* WHAT IS REQUIRED *
Retype the whole listing below exactly, keeping every picture out of it.

* DATA EXCERPT *
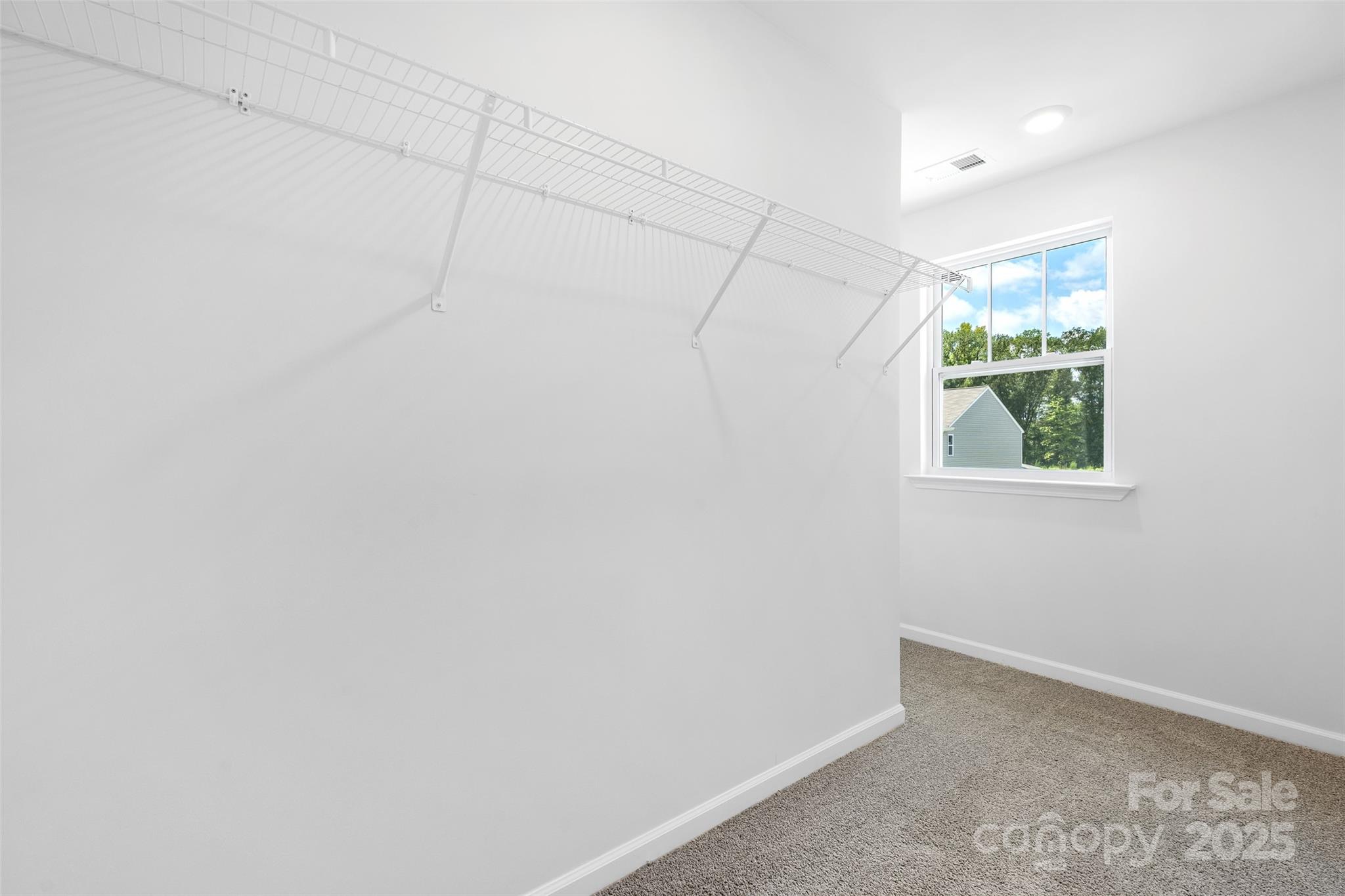 1005 20th Avenue Loop SE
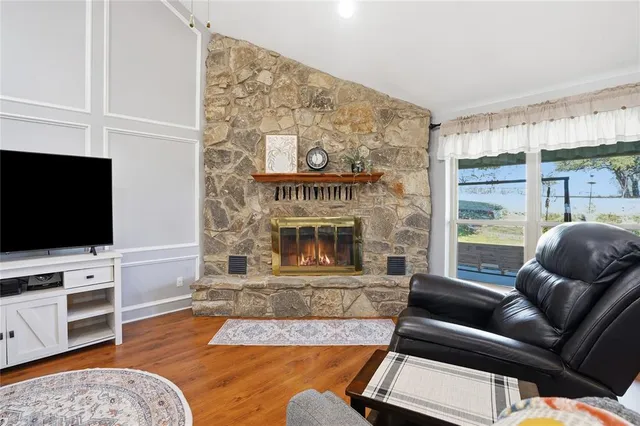 $885,000 | 215 Younger Ranch Road, Azle, TX 76020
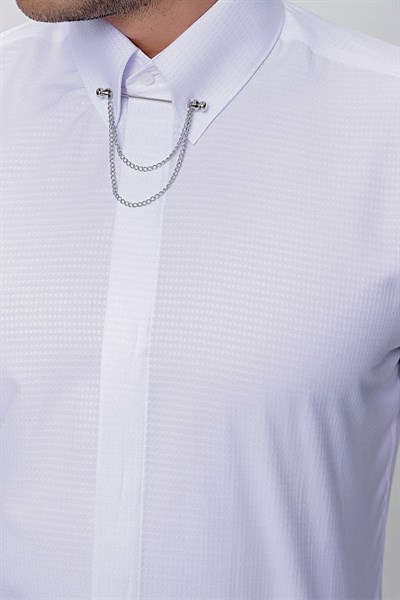 Slim Fit Doku Desenli Yaka Zincirli Beyaz Gömlek GK 629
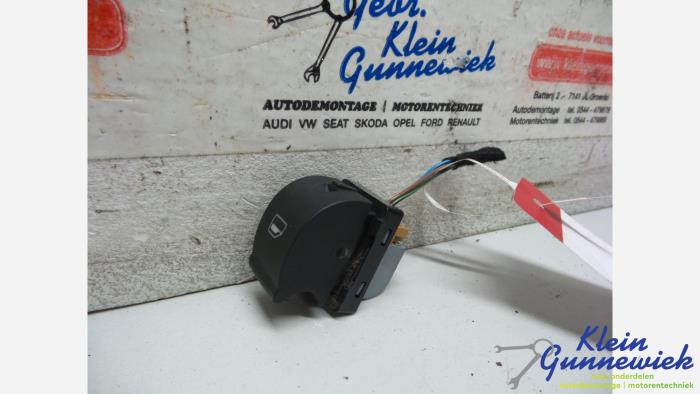 Usados Interruptor de ventanilla eléctrica Seat Exeo Precio € 15,00 Norma de margen ofrecido por Klein Gunnewiek Autodemontage & Motorentechniek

* RESULT FOR THIS TASK *
 1005 20th Avenue Loop SE
 $885,000 | 215 Younger Ranch Road, Azle, TX 76020
 Slim Fit Doku Desenli Yaka Zincirli Beyaz Gömlek GK 629
 Usados Interruptor de ventanilla eléctrica Seat Exeo Precio € 15,00 Norma de margen ofrecido por Klein Gunnewiek Autodemontage & Motorentechniek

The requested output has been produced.